NON-PROLINE CIS PEPTIDE BONDS IN PROTEINS
Manfred S. Weiss, Andreas Jabs, Rolf Hilgenfeld
Department of Structural Biology and Crystallography, Institute of Molecular Biotechnology, P.O.Box 100 183, D-07708 Jena, Germany
Keywords: Protein Structure, Peptide Bonds, cis Conformation
A non-redundant set of 571 crystallographically determined protein structures from the PDB [1] was analysed with respect to the cis peptide content. A total of 429 (0.3 %) peptide bonds were found to be in the cis conformation. About 90\% of these are of type Xaa-Pro, and the remaining 43 are of type Xaa-nonPro. We have examined these unusual peptide bonds and found that in most cases, they are located at or near the active site of enzymes. This strongly suggests a functional role for them.

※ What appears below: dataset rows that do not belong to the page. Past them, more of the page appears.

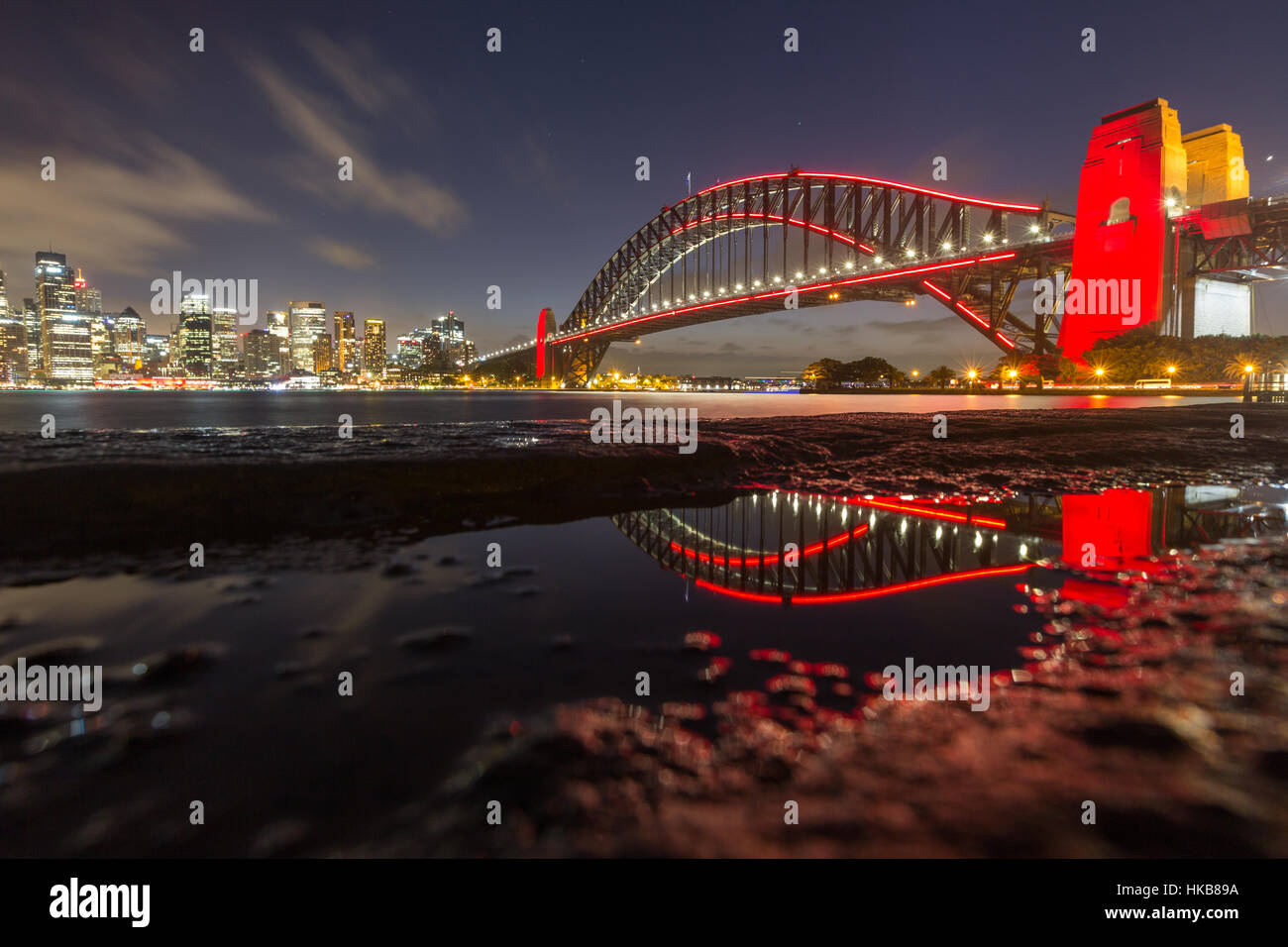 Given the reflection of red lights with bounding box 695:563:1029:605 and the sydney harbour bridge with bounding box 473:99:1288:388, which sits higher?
the sydney harbour bridge with bounding box 473:99:1288:388

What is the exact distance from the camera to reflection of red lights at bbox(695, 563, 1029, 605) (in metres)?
2.95

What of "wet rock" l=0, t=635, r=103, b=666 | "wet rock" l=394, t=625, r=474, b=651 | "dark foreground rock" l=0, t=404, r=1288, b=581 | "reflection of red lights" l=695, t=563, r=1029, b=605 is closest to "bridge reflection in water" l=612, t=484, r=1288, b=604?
"reflection of red lights" l=695, t=563, r=1029, b=605

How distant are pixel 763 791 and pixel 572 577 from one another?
80.6 inches

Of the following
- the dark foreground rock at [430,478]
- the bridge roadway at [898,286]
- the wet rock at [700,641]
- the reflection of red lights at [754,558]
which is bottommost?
the wet rock at [700,641]

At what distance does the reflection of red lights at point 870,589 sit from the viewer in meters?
2.95

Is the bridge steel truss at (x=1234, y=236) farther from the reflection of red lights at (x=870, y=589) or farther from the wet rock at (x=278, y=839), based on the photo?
the wet rock at (x=278, y=839)

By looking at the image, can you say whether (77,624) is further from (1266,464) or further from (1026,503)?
(1266,464)

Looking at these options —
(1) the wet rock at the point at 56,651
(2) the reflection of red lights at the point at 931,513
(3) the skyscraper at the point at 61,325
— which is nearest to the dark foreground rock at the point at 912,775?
(1) the wet rock at the point at 56,651

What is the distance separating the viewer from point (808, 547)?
13.0ft

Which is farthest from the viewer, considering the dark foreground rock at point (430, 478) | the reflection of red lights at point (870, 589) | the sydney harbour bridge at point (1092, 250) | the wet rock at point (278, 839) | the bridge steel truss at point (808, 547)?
→ the sydney harbour bridge at point (1092, 250)

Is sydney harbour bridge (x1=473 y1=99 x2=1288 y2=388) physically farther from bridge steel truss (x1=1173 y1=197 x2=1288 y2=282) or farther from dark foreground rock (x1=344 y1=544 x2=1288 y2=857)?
dark foreground rock (x1=344 y1=544 x2=1288 y2=857)

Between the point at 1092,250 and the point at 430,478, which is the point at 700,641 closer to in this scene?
the point at 430,478

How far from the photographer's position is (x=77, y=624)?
2518 mm

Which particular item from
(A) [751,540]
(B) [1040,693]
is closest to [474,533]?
(A) [751,540] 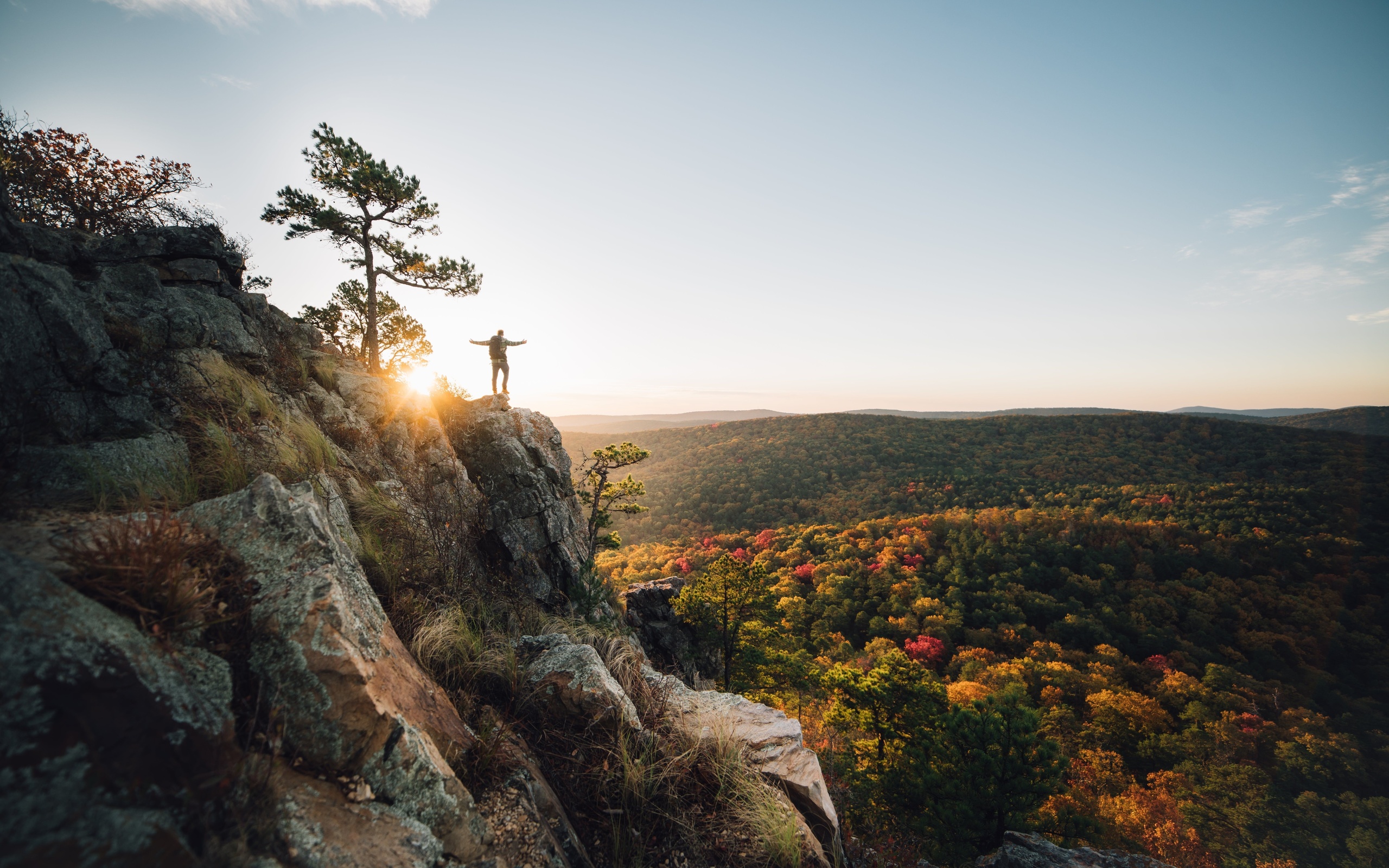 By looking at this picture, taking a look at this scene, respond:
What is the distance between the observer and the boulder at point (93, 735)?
1291 millimetres

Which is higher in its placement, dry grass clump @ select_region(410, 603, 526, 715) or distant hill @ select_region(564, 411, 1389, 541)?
dry grass clump @ select_region(410, 603, 526, 715)

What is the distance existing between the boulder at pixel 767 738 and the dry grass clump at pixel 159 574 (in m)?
3.35

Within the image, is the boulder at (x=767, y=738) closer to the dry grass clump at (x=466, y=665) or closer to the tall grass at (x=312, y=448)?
the dry grass clump at (x=466, y=665)

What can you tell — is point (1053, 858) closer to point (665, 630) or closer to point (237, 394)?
point (237, 394)

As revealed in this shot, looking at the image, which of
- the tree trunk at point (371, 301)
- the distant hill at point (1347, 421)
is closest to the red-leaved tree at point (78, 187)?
the tree trunk at point (371, 301)

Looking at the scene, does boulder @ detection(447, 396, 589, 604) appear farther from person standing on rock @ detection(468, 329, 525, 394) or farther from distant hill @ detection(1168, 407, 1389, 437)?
distant hill @ detection(1168, 407, 1389, 437)

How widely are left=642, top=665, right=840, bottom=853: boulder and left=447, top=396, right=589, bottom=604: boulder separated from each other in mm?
6740

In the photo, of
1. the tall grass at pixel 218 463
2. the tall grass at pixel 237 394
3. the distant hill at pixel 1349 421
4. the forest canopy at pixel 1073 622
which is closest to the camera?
the tall grass at pixel 218 463

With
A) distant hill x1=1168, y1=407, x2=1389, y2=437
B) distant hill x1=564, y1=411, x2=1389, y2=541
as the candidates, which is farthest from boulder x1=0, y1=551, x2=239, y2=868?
distant hill x1=1168, y1=407, x2=1389, y2=437

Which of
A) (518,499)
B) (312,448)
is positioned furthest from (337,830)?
(518,499)

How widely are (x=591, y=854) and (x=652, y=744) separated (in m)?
0.78

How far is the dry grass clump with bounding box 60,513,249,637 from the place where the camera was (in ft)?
6.09

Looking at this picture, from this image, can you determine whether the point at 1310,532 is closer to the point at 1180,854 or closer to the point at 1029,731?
the point at 1180,854

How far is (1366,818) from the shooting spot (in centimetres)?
2809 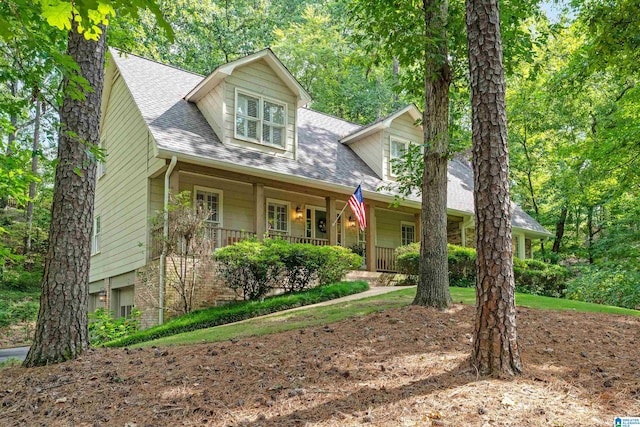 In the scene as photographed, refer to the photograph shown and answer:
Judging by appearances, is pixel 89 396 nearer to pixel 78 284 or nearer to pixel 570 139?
pixel 78 284

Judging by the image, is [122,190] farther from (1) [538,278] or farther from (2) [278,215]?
(1) [538,278]

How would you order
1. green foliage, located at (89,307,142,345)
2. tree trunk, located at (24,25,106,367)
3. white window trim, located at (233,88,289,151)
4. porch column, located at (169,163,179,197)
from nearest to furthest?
tree trunk, located at (24,25,106,367), green foliage, located at (89,307,142,345), porch column, located at (169,163,179,197), white window trim, located at (233,88,289,151)

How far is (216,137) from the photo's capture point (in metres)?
12.4

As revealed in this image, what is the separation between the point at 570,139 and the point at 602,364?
2054cm

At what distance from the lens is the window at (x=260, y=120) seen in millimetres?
12805

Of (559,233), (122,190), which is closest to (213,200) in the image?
(122,190)

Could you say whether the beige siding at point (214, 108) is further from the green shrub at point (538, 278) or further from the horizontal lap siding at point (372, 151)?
the green shrub at point (538, 278)

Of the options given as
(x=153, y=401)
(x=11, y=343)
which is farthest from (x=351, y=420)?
(x=11, y=343)

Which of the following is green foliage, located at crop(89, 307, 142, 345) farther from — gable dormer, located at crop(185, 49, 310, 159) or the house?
Result: gable dormer, located at crop(185, 49, 310, 159)

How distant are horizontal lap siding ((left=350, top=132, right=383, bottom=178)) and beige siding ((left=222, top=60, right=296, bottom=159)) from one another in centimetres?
361

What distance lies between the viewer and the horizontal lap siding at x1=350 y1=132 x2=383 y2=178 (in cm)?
1603

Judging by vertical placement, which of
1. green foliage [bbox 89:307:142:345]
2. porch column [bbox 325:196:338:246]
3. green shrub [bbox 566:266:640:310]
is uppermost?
porch column [bbox 325:196:338:246]

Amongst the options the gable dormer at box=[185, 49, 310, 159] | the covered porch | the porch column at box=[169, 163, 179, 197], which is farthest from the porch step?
the porch column at box=[169, 163, 179, 197]

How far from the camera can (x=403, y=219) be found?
18141 millimetres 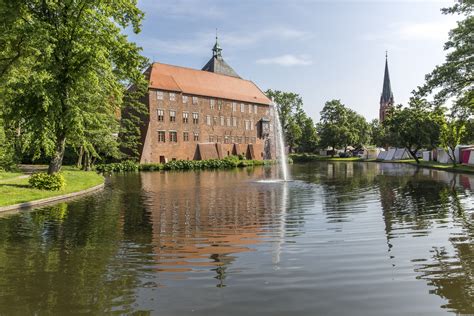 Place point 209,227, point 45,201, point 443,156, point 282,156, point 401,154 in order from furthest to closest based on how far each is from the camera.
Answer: point 401,154, point 443,156, point 282,156, point 45,201, point 209,227

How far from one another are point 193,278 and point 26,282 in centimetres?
292

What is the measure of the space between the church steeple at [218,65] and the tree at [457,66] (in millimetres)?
56709

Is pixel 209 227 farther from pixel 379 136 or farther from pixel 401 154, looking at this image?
pixel 379 136

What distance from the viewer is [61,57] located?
2203 centimetres

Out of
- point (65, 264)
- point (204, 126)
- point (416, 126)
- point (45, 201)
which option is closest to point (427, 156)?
point (416, 126)

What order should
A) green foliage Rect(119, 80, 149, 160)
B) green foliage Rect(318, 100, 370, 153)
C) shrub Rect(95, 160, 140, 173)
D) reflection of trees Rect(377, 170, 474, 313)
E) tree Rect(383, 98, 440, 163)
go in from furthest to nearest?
green foliage Rect(318, 100, 370, 153) → tree Rect(383, 98, 440, 163) → green foliage Rect(119, 80, 149, 160) → shrub Rect(95, 160, 140, 173) → reflection of trees Rect(377, 170, 474, 313)

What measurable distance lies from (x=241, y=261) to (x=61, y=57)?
18.6m

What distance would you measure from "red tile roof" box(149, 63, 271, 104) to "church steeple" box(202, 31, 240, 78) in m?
2.98

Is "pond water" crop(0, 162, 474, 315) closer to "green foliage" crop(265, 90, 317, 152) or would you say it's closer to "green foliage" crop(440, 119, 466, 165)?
"green foliage" crop(440, 119, 466, 165)

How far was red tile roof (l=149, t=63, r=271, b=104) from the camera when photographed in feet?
213

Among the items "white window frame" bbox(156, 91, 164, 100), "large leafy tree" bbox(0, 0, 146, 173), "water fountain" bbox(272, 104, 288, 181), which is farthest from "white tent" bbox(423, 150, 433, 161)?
"large leafy tree" bbox(0, 0, 146, 173)

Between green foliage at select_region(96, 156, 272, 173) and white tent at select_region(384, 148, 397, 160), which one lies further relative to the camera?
white tent at select_region(384, 148, 397, 160)

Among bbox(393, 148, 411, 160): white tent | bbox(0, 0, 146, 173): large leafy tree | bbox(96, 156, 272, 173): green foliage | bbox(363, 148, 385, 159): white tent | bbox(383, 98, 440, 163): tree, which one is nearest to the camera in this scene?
bbox(0, 0, 146, 173): large leafy tree

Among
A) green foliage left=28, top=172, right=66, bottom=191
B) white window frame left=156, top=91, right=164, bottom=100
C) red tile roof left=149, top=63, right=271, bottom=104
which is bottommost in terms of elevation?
green foliage left=28, top=172, right=66, bottom=191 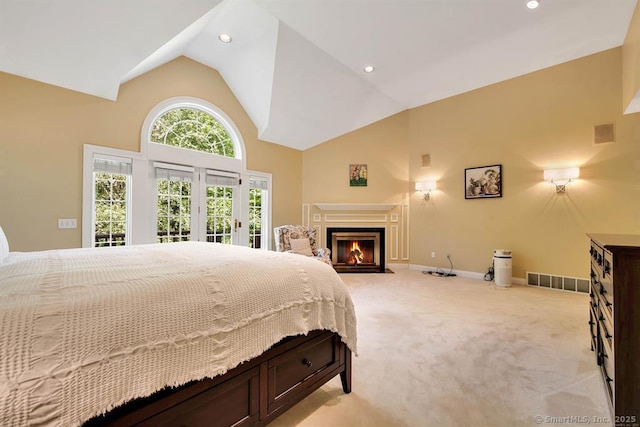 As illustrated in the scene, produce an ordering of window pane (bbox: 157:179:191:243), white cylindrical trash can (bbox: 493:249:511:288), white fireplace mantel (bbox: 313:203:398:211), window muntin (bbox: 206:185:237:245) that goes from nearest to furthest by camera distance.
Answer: window pane (bbox: 157:179:191:243)
white cylindrical trash can (bbox: 493:249:511:288)
window muntin (bbox: 206:185:237:245)
white fireplace mantel (bbox: 313:203:398:211)

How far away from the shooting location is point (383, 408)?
63.6 inches

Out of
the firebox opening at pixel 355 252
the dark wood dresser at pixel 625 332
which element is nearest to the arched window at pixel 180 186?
the firebox opening at pixel 355 252

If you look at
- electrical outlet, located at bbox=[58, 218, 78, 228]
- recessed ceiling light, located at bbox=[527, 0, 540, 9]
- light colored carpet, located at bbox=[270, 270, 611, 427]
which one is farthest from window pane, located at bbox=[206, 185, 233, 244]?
recessed ceiling light, located at bbox=[527, 0, 540, 9]

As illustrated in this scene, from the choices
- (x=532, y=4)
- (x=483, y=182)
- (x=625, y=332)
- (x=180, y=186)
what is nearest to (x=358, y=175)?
(x=483, y=182)

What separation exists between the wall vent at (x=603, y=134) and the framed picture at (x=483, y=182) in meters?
1.20

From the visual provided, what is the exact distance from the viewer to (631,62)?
10.5 ft

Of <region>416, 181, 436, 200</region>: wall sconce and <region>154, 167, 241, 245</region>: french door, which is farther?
<region>416, 181, 436, 200</region>: wall sconce

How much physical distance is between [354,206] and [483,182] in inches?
94.9

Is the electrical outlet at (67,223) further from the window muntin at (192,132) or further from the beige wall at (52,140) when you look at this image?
the window muntin at (192,132)

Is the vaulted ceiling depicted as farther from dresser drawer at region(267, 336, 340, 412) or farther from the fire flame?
dresser drawer at region(267, 336, 340, 412)

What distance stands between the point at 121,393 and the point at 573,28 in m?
5.45

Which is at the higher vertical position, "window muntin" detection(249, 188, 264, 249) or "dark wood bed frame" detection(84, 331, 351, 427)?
"window muntin" detection(249, 188, 264, 249)

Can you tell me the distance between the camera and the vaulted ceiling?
8.48 ft

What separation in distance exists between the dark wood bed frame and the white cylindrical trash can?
12.2 feet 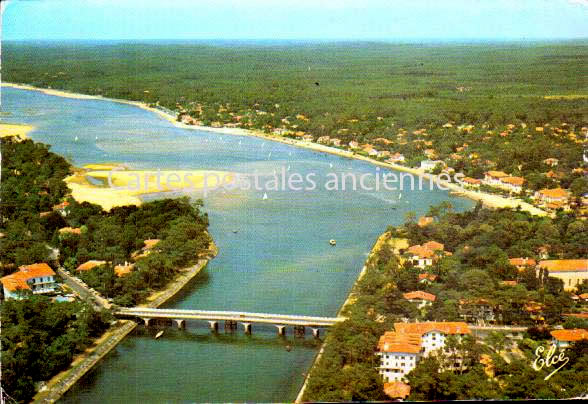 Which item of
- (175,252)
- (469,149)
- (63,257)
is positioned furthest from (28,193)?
(469,149)

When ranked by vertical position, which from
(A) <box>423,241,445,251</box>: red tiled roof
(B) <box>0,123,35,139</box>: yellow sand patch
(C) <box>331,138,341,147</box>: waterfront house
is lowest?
(A) <box>423,241,445,251</box>: red tiled roof

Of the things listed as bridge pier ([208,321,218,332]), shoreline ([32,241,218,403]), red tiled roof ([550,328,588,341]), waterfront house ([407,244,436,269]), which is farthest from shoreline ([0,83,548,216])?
bridge pier ([208,321,218,332])

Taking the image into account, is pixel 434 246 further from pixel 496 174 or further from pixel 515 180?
pixel 496 174

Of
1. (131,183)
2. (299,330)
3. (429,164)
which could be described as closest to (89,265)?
(299,330)

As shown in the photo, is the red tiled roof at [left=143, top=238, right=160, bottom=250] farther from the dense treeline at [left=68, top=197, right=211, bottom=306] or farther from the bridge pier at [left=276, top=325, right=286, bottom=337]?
the bridge pier at [left=276, top=325, right=286, bottom=337]

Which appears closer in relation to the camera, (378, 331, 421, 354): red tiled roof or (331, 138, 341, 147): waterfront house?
(378, 331, 421, 354): red tiled roof

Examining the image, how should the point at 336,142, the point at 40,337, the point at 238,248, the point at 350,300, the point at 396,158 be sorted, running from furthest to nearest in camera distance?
the point at 336,142 < the point at 396,158 < the point at 238,248 < the point at 350,300 < the point at 40,337

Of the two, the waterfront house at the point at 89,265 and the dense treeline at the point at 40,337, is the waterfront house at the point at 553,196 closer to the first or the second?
the waterfront house at the point at 89,265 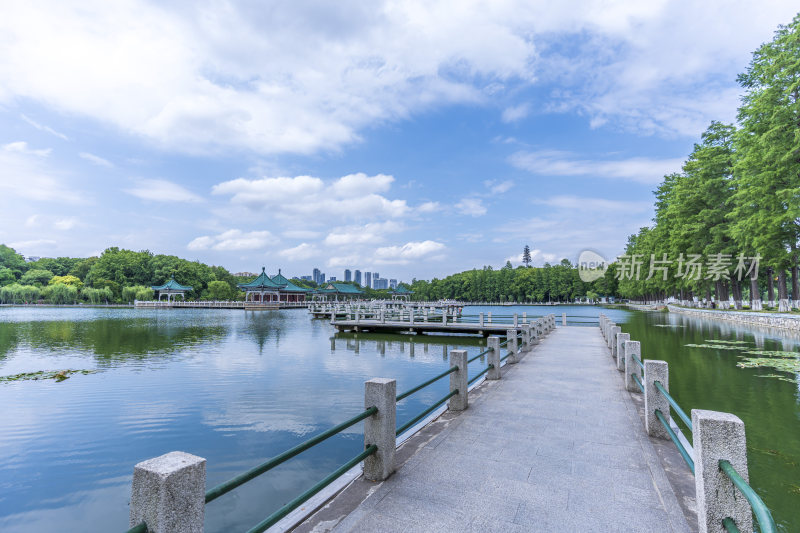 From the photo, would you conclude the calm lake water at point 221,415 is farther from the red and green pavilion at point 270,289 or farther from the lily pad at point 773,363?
the red and green pavilion at point 270,289

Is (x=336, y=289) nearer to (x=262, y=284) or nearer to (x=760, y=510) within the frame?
(x=262, y=284)

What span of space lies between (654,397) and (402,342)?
67.7 feet

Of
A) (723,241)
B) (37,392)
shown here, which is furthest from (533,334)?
(723,241)

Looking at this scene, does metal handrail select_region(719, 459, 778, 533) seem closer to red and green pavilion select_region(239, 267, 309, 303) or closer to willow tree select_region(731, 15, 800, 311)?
willow tree select_region(731, 15, 800, 311)

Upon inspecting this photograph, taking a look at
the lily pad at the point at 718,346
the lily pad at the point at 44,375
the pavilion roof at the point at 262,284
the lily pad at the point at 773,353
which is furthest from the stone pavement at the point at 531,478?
the pavilion roof at the point at 262,284

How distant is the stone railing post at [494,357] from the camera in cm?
947

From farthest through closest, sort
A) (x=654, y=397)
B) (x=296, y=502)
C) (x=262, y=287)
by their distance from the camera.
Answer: (x=262, y=287)
(x=654, y=397)
(x=296, y=502)

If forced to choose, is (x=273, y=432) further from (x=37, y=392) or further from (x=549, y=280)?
(x=549, y=280)

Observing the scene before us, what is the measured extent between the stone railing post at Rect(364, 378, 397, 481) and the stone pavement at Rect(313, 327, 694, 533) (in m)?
0.17

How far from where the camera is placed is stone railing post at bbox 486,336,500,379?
9469 mm

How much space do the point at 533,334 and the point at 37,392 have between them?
59.4 feet

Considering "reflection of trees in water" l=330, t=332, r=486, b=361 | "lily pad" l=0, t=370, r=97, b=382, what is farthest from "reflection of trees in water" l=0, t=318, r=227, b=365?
"reflection of trees in water" l=330, t=332, r=486, b=361

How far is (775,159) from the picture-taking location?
25844mm

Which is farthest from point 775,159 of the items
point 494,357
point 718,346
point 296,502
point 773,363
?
point 296,502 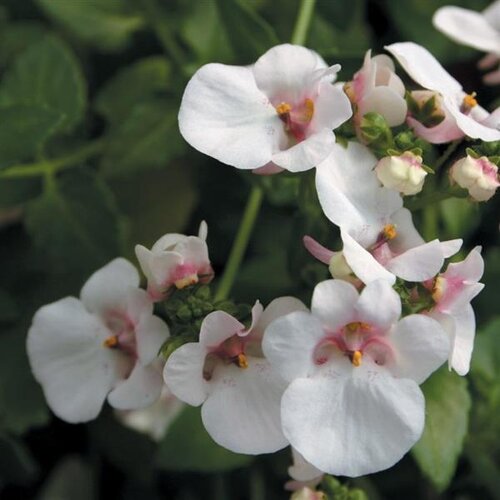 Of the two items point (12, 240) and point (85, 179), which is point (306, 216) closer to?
point (85, 179)

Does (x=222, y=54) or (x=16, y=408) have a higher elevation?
(x=222, y=54)

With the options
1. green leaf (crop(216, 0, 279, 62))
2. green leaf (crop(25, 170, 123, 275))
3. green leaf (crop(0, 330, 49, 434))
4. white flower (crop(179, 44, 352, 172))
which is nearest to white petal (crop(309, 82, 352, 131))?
white flower (crop(179, 44, 352, 172))

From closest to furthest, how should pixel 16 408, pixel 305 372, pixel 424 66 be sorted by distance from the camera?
1. pixel 305 372
2. pixel 424 66
3. pixel 16 408

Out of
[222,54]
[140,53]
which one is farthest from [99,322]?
[140,53]

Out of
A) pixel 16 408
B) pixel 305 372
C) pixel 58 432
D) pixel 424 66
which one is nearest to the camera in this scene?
pixel 305 372

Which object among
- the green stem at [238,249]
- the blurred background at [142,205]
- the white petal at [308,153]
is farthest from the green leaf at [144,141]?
the white petal at [308,153]

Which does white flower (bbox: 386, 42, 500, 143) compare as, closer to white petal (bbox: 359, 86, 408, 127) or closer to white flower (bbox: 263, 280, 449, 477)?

Furthermore, it appears as if there is a strong resolution dependence of the cis peptide content in the database. At high resolution (i.e. <= 2.0 A) there are about four times the number of non-Pro cis peptide bonds observed than at medium and low resolution (i.e. > 2.5 A). This suggests that many such peptide bonds may have been overlooked.
From our own experience with the coagulation factor XIII [2] we have developed an algorithm to identify possible non-Pro cis peptide bonds in protein structures that may have been overlooked during the course of structure determination and refinement. Some results will be discussed.